We had wanted to camp on this particular weekend as I had Monday off, but with the high temps, I was less than enthusiastic about spending the night out in the bush. The hike was beautiful, quiet and we had very little company. We happened to meet a couple on the way to the falls and questioned them on the amount of water available. Alas, with Southwest Missouri’s current drought conditions, there was not a drop to be had down Long Creek. Not surprising and one of the reasons I brought plenty of water which will be important later.
This particular trail took about an hour and a half to hike to the falls. The trail is moderate and switches between rocky to sandy with plenty of scenery of the Ozark hills in the distance. There are primitive camping areas that have been well used in the past. One is located right above Long Creek and would have been perfect this past spring with the water rushing by, frogs singing and a good spot to possibly observe wildlife coming for a drink. With the current conditions however, a fire would not have been advisable. Hercules Glades has a fire tower, used in the past, for a reason.
Here is the link for the USDA website which has great information and a trail map: https://www.fs.usda.gov/recarea/mtnf/recarea/?recid=21754
The trip to the falls was in a word, uneventful. The trip back to the car, however, was a lesson in overconfidence I won’t soon forget. Some of my readers know, I am not the most physically fit person. I am working out more, hiking more and weight lifting more to try and get into better shape, but I have a long way to go. My goal is to hike into Hemmed In Hollow in Arkansas next spring with as many members of the family I can con into going. If I had tried that on this particular Sunday, I would have most likely ended up in the hospital. Luckily, I have medical training and years of repeating First Aid through the Red Cross so I was able to monitor my symptoms as Cole and I hiked out. I tried to rest and drink water as I felt my heart rate increase, perspiration slowly decrease and my muscles begin to want to cramp. I was headed for heat stroke or heat exhaustion.
With each ridge I slowed a little more and rested a little longer. I knew I was in a little trouble when my heart rate beat a tattoo very hard into my throat right next to my jugular. I’m sure it was plainly visible. Cole monitored me as well and waited patiently each time I had to take a break. I ate a little Gardetto’s Snack Mix to gain some salt back into my system as I knew to stop sweating was very dangerous.

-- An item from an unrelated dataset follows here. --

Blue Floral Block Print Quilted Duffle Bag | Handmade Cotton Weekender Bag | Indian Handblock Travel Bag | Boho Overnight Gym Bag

Luckily, I had brought enough water along for the entire hike but I had not brought any snacks this time. Bad idea. A little sugar and a little salt would have helped the situation. I won’t forget again. Sometimes we can underestimate our bodies’ needs especially when mixed with extreme weather conditions. I did find myself feeling sorry for military personnel who have to hike every day with gear on their backs in all sorts of weather without falling over in a dead faint.
I warned Cole to watch for signs of confusion, the aura before a seizure, clammy skin and a faint heartbeat. Branson has the closest hospital down Hwy 76 and an ambulance could have been brought into play as they are staged at various spots throughout the county, had I needed it.
As I kept putting one foot in front of the other, I realized I was not quite as ready for hiking this far on a hot summer day as I had expected myself to be. After all, I consider myself fairly healthy. I work long hours and come home and work more. I am outside some, but not a lot and I believe this was the key difference. I was unused to the demands my body made while combining exertion and heat. It was a good lesson. Cole took it well. He got the car cooled down quickly while I drank warm 7Up for the salt and potassium it contained. We stopped at a gas station for Gatorade and beef jerky, both helping with the electrolytes I needed to recover.
So get out there outdoor enthusiasts and newbie outdoor enthusiasts…just be careful. Know when you are in trouble, don’t be afraid to ask for help, take lots of water and a few snacks!